Dr Switkowski : I think if you were a small business doing software development and moving large files between locations, hundreds of megabytes per second can be very useful. For example, if you were doing special effects in 3D movies, which some enterprises in Australia do in support of Hollywood studios, they would need that kind of bandwidth and usually have options for getting it, not waiting for NBN to provide a reticulated retail network to do it. There will be others where the information is very data rich. Large quantities of MRI scans et cetera that move from point to point will require lots of bandwidth. Again, those institutions, by and large, have put in place physical infrastructure that provides it today, as do universities. I think the difficulty is that there are applications and organisations that use lots of bandwidth, including big businesses. They have made their own provision, as they always do. In terms of the retail and domestic market, it really is hard in any practical sense to describe the activities of a family, even with hyperactive teenagers, that would get anywhere near 100 megabytes per second any time soon.

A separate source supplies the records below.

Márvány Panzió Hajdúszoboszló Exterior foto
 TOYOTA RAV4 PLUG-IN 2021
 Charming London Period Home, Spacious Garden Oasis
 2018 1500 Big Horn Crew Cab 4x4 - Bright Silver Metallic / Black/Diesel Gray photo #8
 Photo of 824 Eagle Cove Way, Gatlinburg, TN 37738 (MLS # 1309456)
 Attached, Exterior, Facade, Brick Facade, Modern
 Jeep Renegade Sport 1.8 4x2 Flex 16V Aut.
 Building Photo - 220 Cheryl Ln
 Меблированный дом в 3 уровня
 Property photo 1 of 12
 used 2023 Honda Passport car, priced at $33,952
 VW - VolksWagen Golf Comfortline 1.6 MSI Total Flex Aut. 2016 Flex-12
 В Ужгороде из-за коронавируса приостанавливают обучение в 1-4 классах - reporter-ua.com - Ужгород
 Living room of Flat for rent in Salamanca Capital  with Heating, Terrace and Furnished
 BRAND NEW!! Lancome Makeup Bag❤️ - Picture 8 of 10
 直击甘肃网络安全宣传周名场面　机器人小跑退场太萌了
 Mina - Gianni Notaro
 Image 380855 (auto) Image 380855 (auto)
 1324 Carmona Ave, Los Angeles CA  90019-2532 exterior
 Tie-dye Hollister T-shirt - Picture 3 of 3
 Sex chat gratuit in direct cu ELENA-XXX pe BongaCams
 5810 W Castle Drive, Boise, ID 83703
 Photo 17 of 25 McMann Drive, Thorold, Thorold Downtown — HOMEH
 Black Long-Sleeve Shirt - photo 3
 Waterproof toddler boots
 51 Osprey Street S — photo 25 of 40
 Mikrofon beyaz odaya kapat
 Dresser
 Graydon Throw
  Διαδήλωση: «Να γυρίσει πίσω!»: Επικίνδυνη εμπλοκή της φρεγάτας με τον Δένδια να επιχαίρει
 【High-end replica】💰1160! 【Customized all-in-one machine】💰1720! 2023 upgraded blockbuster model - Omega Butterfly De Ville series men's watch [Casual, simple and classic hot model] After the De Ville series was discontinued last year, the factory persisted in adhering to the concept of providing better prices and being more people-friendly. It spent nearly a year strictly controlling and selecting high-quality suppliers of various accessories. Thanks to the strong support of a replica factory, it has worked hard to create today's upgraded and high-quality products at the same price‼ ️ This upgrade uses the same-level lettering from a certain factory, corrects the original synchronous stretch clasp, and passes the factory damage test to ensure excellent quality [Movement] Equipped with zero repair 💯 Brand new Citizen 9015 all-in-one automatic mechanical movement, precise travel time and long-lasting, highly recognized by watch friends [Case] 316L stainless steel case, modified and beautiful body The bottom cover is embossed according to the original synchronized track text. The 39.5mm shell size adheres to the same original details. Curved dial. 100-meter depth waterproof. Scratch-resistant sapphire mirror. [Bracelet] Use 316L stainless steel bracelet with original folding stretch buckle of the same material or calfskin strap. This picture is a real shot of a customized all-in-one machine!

Senator RUSTON: I will take that one step further. Is there anything foreseeable on the horizon that might change that situation? Obviously, there are plenty of unknowns out there. Is there anything that is triggering at the moment?
Dr Switkowski : Again, in this forum, we have previously and generally agreed that you really cannot and should not look too many years ahead because few of us have the ability to anticipate correctly the applications and the demand and the technologies that will have developed over the next decade or so. But we are guided by what we are seeing in other countries and other economies, arguably some that are a little more ahead of the curve than us. We do not see that we are going to be surprised over the next two or three years.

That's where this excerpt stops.